For decades people have been allowed to claim the Jewish Holocaust didn’t happen, or the Armenian genocide at the hands of the Young Turks, or that 9/11 was an inside job, or even an online personality I like, Owen Benjamin, who thinks the moon landing never happened. The world has seven billion people, and the notion that on certain issues we need to get all them on board with groupthink to adhere to one side or else we need to censor them, is insanity and futility at it’s finest. The purpose of me writing this today is not to defend any issue, other than free speech itself.

One saving grace, or possibly a foot in the back door should he ever need to backpedal on what he say is this bit that immediately follows “Or maybe we should be uncomfortable that these censorship decisions are being made by a few tech leaders, who historically have had little interest in either the journalistic principles that have guided other media magnates, or the costs of paying human beings to gather and weigh facts.”

Part of the reason I think this is a foot in the door, and not a full-fledged commitment to free speech is because he doesn’t push all in. Anytime someone proposes “I believe in free speech, but” they don’t believe in free speech, and while he didn’t say but, it’s there in the subtext. Look at what he said and dissect it carefully. He didn’t say censorship was bad. He said this current bout of censorship makes him uncomfortable because of who is doing the censoring. What he said here was censoring people is fine so long as the people who are doing the censoring are 1) many, aka mob rule, 2) think in a way I deem appropriate. That’s what that was code for.

We shouldn’t be uncomfortable because these censorship decisions are being made by a few tech leaders, or a few assholes, or a few good people. We should be concerned they’re being made at all!

Here’s the icing on the cake. He concludes…

“It’s unclear to me how we quash or validate dangerous ideas except through vigorous, open debate, but even I have to admit that this hasn’t worked well recently.”

He talks about quashing ideas. But he doesn’t mean quashing ideas, he means, and specifically references quashing free speech. I can regurgitate the old rebukes and tropes… Sunlight is the best disinfectant, or the Streisand effect, or first they came for my neighbor, then they came for me, but I said nothing so blah blah blah.

What does that mean “this hasn’t worked well recently” ? The reason why we have free speech is because while each of us has our own asshole and opinion, none of knows for sure whether we are right or wrong, so we need to keep open the discussion, to keep the ideas flowing. For him to say this, means that he thinks he has it all figured, he has the right answer, and the fact that people are still propagating ideas he disagrees with, means that clearly the current system is faulty. These sheep still have views on issues that I don’t like, clearly we haven’t censored them enough.
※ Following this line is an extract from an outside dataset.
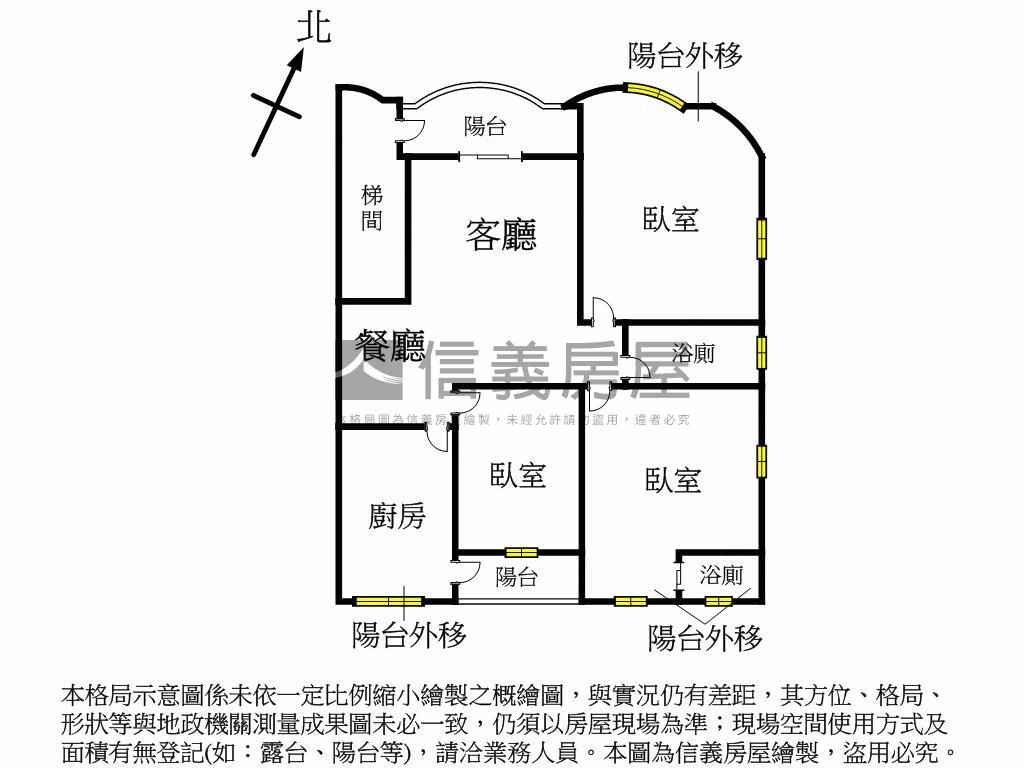內湖靜巷｜黃金三樓舒適宅房屋室內格局與周邊環境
The last sentence really ties it all together.

What we all know now is that the case for free speech is weaker now than it has been in 50 years.”

This is verbal hypnotism at it’s best, and if you didn’t catch it, you got hypnotized yourself.

What we all know, as if to assume that everyone agrees with what he’s about to say. We all agree, right? We all know, there’s no strong argument for free speech. We all know, this stance is right and the other stance is wrong. We all know the age of consent should be lowered to 11 so we can sodomize elementary school kids. Ya know what I mean? Right? Because I mean, come on, we all know.

No.

We don’t ‘all know’, because we don’t all agree that the case for free speech is weak.

The case for free speech is stronger now than it ever has been because for the first time in U.S. history, a country that historically leads the way in free speech, more people are starting to question it because the type of fuckery freely espoused by people like Mr. Kelman has made people yearn for the harness.

Consider my sabbatical over. I’m posting more often, and louder. I’m starting that damn YouTube channel. I’m getting off the sidelines and onto the field. Free speech is not on defense, it’s on offense, and its got one more person fighting in it’s corner.